DATA EXCERPTS -

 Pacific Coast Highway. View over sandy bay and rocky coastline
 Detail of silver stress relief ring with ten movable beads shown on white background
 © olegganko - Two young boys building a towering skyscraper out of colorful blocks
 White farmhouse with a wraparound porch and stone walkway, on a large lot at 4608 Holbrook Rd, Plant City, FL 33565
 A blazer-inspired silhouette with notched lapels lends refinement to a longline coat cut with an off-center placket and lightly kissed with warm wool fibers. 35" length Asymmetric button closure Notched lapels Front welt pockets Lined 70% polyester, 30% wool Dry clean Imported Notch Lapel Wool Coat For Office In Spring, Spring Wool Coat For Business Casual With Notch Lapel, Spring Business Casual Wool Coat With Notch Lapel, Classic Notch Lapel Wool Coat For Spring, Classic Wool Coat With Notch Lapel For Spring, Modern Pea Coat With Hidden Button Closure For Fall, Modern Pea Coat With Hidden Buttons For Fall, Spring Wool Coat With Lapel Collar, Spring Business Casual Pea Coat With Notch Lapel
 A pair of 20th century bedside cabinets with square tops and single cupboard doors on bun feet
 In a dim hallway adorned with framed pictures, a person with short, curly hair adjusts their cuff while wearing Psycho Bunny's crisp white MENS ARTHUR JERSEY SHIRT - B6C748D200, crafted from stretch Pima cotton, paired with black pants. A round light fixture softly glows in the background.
* * *
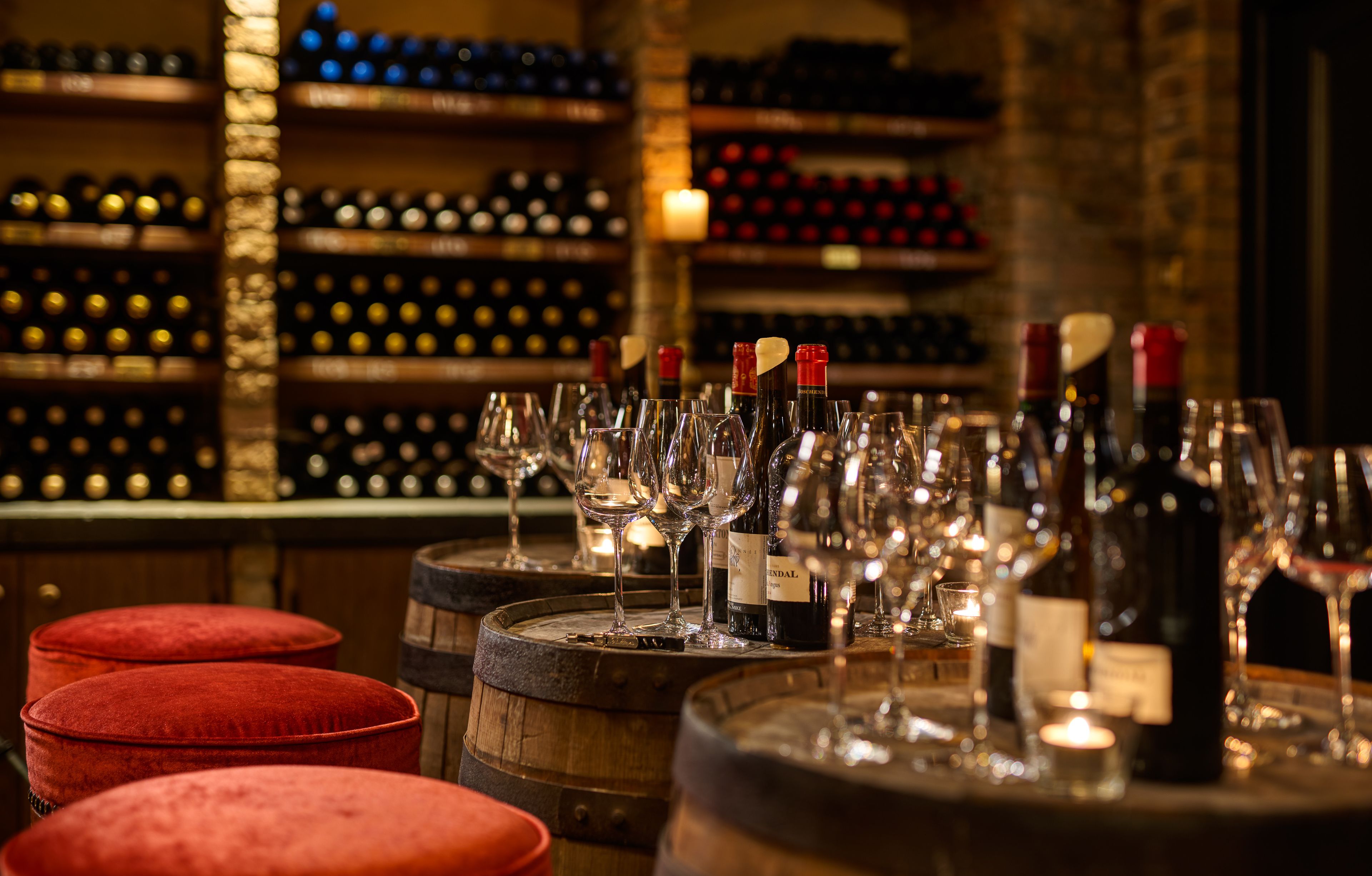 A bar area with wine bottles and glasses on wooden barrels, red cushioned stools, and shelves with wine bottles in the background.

ACTIVITY - What are the lines above, starting at the one with "White farmhouse with" and ending at the one with "In a dim hallway"? Give them again exactly, and only them.

RESULT -
 White farmhouse with a wraparound porch and stone walkway, on a large lot at 4608 Holbrook Rd, Plant City, FL 33565
 A blazer-inspired silhouette with notched lapels lends refinement to a longline coat cut with an off-center placket and lightly kissed with warm wool fibers. 35" length Asymmetric button closure Notched lapels Front welt pockets Lined 70% polyester, 30% wool Dry clean Imported Notch Lapel Wool Coat For Office In Spring, Spring Wool Coat For Business Casual With Notch Lapel, Spring Business Casual Wool Coat With Notch Lapel, Classic Notch Lapel Wool Coat For Spring, Classic Wool Coat With Notch Lapel For Spring, Modern Pea Coat With Hidden Button Closure For Fall, Modern Pea Coat With Hidden Buttons For Fall, Spring Wool Coat With Lapel Collar, Spring Business Casual Pea Coat With Notch Lapel
 A pair of 20th century bedside cabinets with square tops and single cupboard doors on bun feet
 In a dim hallway adorned with framed pictures, a person with short, curly hair adjusts their cuff while wearing Psycho Bunny's crisp white MENS ARTHUR JERSEY SHIRT - B6C748D200, crafted from stretch Pima cotton, paired with black pants. A round light fixture softly glows in the background.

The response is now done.